A statistical measure of change in an economy or a securities market. In the case of financial markets, an index is an imaginary portfolio of securities representing a particular market or a portion of it. Each index has its own calculation methodology and is usually expressed in terms of a change from a base value. Thus, the percentage change is more important than the actual numeric value.
The S&P Nifty 50 is one of the world's best known indexes, and is the most commonly used benchmark for the stock market.
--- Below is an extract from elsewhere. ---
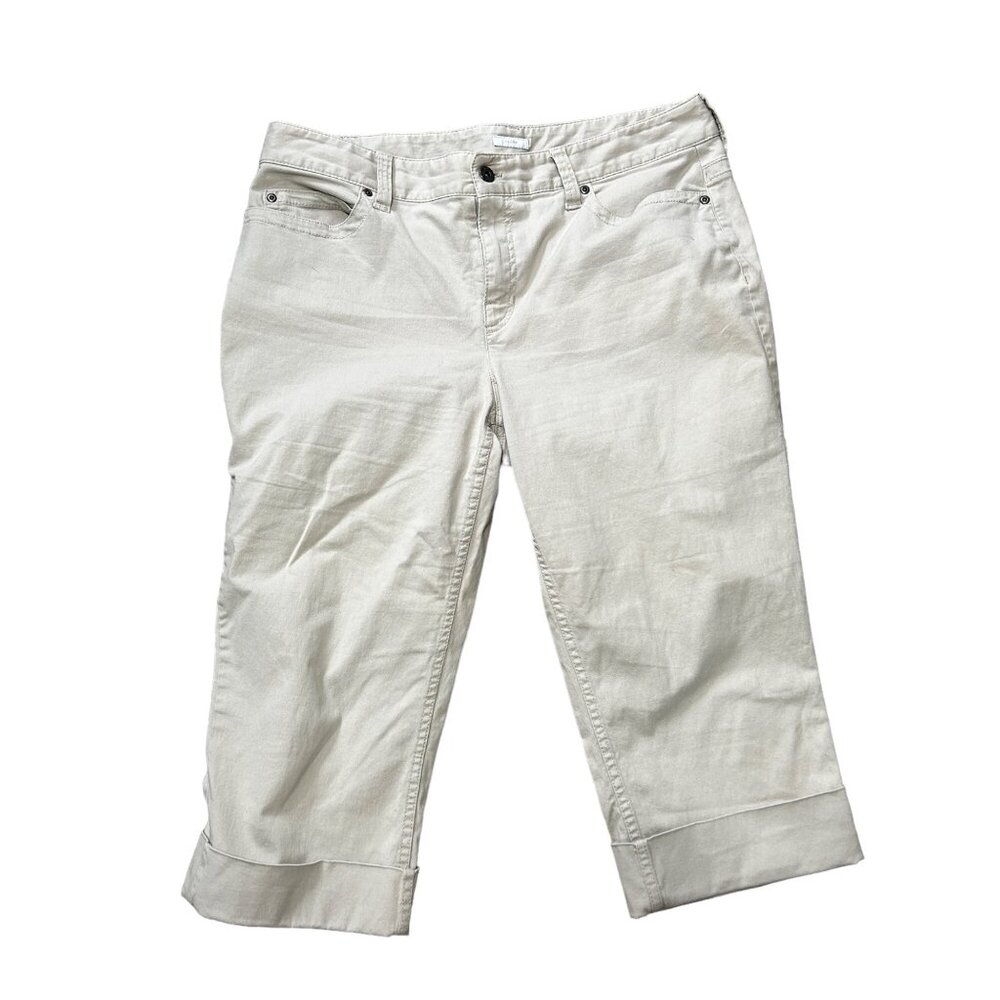 Liz Claiborne Audra Beige Khaki Cropped Trousers Capri Pants Women's 14 1647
Other prominent indexes include the Sensex.
The 50 stocks that were most favoured by institutional investors. Companies in this group were usually characterized by consistent earnings growth and high P/E ratios.
An index future is a derivative, similar to a stock future, whose value is dependent on the value of the underlying, in this case, the index like the S&P CNX Nifty or BSE Sensex. By trading in index futures, a trader is buying and selling the basket of stocks comprising the index, in their respective weights. Stock index futures are traded in terms of number of contracts. Each contract would be to either buy or sell a fixed value of the index. The value of the contract would be the lot size multiplied by the index value. Nifty futures are index futures where the underlying is the S&P CNX Nifty index. In India, index futures trading commenced in 2000 on the National Stock Exchange (NSE).
You enter into a Nifty futures contract at a specified index value. On the expiry of the contract, the investor's profits would be the difference between the level of the index on expiry and the level specified in the futures contract at the time of purchase.